Logo Questions Linux Laravel Mysql Ubuntu Git Menu
 

Why can't I leverage 4GB of RAM in my computer to process less than 2GB of information in C#?

Scenario: over 1.5GB of text and csv files that I need to process mathematically. I tried using SQL Server Express, but loading the information, even with BULK import takes a very long time, and ideally I need to have the entire data set in memory, to reduce hard disk IO.

There are over 120,000,000 records, but even when I attempt to filter the information to just one column (in-memory), my C# console application is consuming ~3.5GB of memory to process just 125MB (700MB actually read-in) of text.

It seems that the references to the strings and string arrays are not being collected by the GC, even after setting all references to null and encapsulating IDisposables with the using keyword.

I think the culprit is the String.Split() method which is creating a new string for each comma separated value.

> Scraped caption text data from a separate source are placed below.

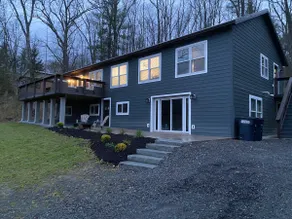 Perfectly situated four bedroom Finger Lakes house - Image 2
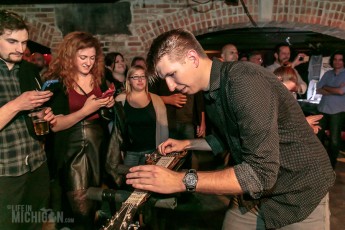 Captain Ivory - Bona Sera - Ypsi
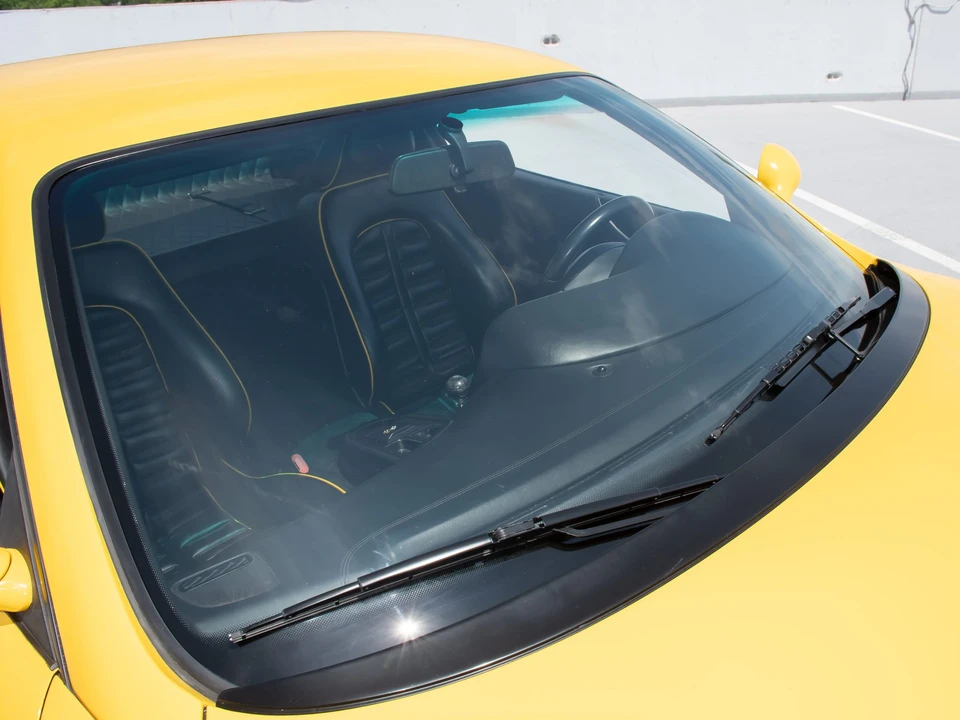 1999 Ferrari 550 Maranello - Image 28 of 31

You may suggest that I shouldn't even read the unneeded* columns into a string array, but that misses the point: How can I place this entire data set in memory, so I can process it in parallel in C#?

I could optimize the statistical algorithms and coordinate tasks with a sophisticated scheduling algorithm, but this is something I was hoping to do before I ran into memory problems, and not because of.

I have included a full console application that simulates my environment and should help replicate the problem.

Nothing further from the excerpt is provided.